Running pre-create checks... Creating machine... Waiting for machine to be running, this may take a few minutes... Machine is running, waiting for SSH to be available... Detecting operating system of created instance... Provisioning created instance... Copying certs to the local machine directory... Copying certs to the remote machine... Setting Docker configuration on the remote daemon... To see how to connect Docker to this machine, run: docker-machine env discovery
- After the machine is ready, switch our
docker
environment to run commands on that instance by evaluating:eval "$(docker-machine env consul)"
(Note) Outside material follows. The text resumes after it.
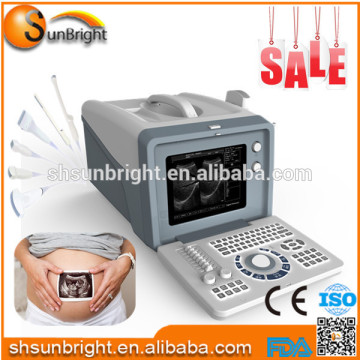 cheap ultrasound/ultrasonic/ultrasound scanner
- Finally run the consul server in a simple non redundant configuration with:
docker run -d -p 8400:8400 -p 8500:8500 -p 8600:53/udp -h consul progrium/consul -server -bootstrap
- Test it by curling:
curl $(docker-machine ip consul):8500/v1/catalog/nodes
[{"Node":"consul","Address":"172.17.0.2"}]
Setup a 3-node Swarm cluster
Now we can create a cluster of 3 machines, with slightly different requirements.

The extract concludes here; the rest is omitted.